◆ Exercise aim
Although the material holds pictures, none belong in the copy; transcribe exactly, and only, the lines from the one with "deshi sosha" through the end.

◆ Supplied information

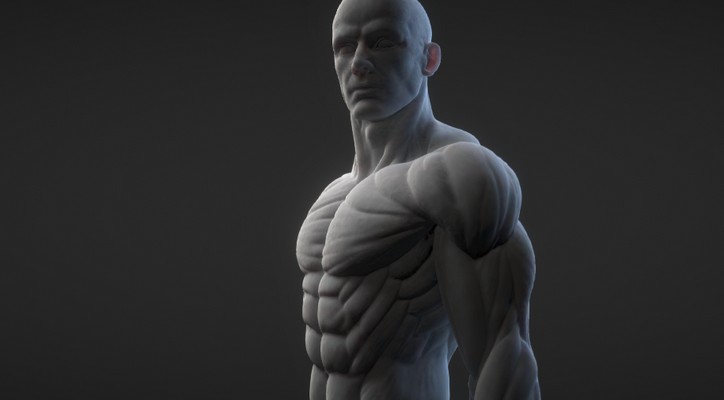 poly-anatomy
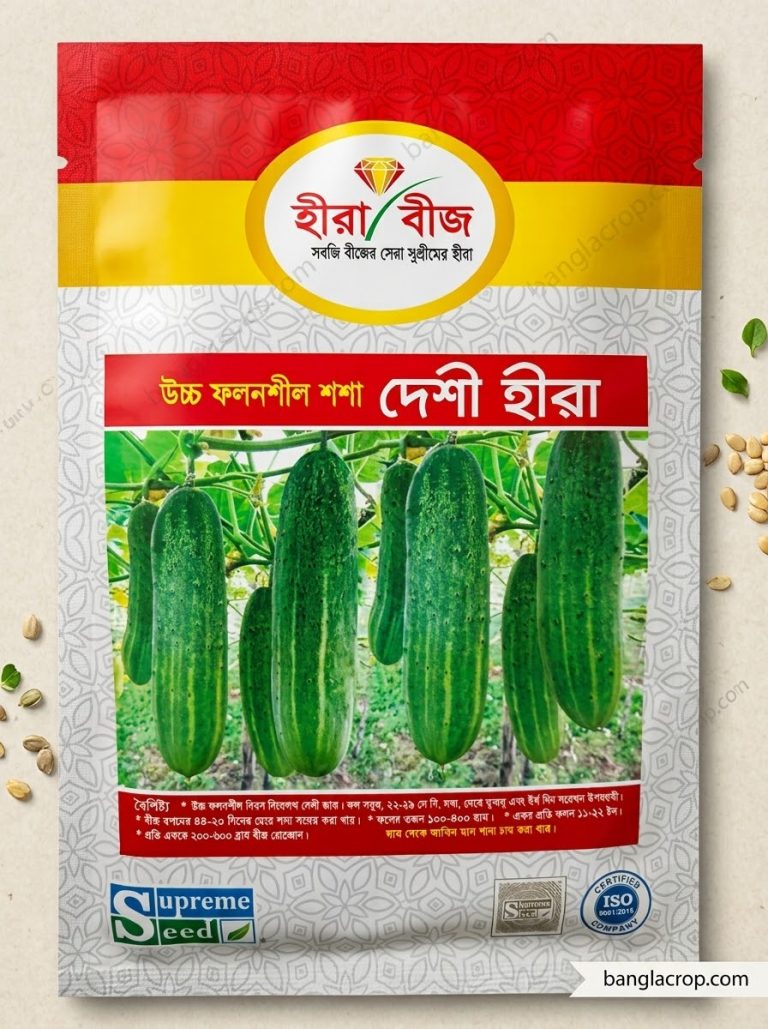 deshi sosha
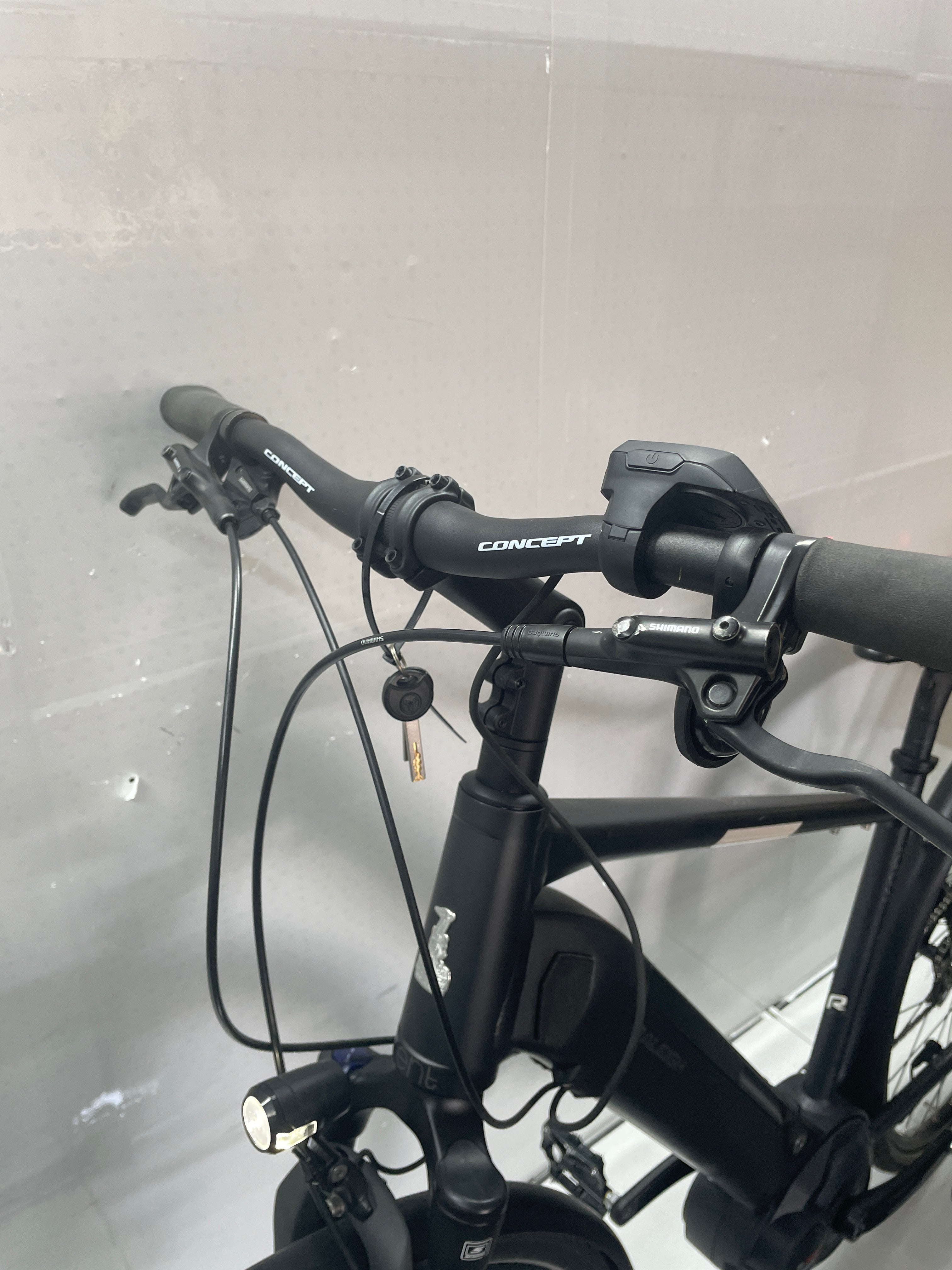 Raleigh Kent LtD Trekking - Rahmengröße M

◆ Result for this exercise
 deshi sosha
 Raleigh Kent LtD Trekking - Rahmengröße M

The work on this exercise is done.